→ Task
Below are the records; repeat exactly their lines between the line holding "SRG Magnetic Baseball" and the line holding "Essentials Blade 600mm", inclusive, skipping the pictures.

→ Data provided
☆ ☆ ☆ ☆ ☆ ☆ ☆

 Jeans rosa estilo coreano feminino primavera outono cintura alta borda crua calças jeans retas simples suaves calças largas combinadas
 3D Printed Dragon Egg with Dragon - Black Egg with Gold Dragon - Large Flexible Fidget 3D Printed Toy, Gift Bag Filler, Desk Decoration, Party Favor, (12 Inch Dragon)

☆ ☆ ☆ ☆ ☆ ☆ ☆

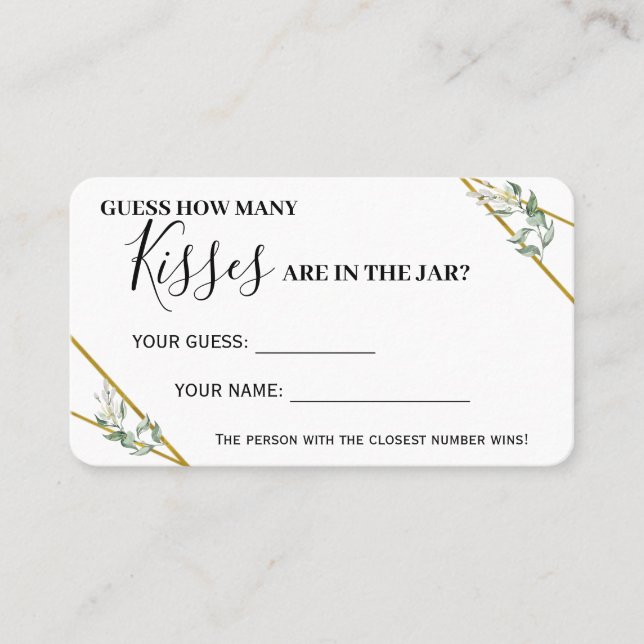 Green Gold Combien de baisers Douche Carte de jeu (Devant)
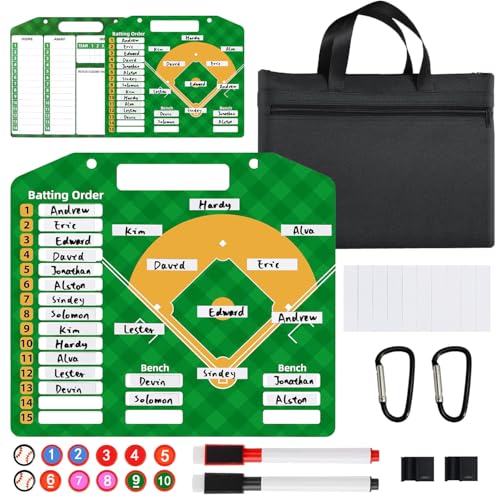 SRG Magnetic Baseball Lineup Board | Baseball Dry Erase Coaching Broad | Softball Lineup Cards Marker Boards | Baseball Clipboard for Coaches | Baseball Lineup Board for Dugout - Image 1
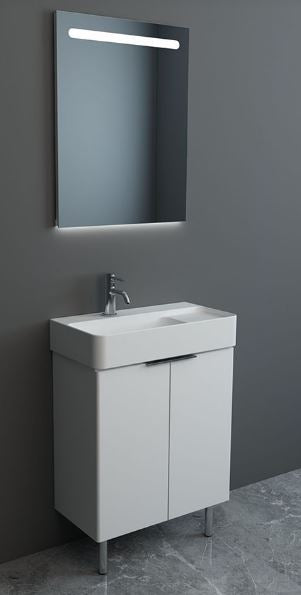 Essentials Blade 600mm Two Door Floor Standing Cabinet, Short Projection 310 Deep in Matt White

☆ ☆ ☆ ☆ ☆ ☆ ☆

→ Solved problem
 SRG Magnetic Baseball Lineup Board | Baseball Dry Erase Coaching Broad | Softball Lineup Cards Marker Boards | Baseball Clipboard for Coaches | Baseball Lineup Board for Dugout - Image 1
 Essentials Blade 600mm Two Door Floor Standing Cabinet, Short Projection 310 Deep in Matt White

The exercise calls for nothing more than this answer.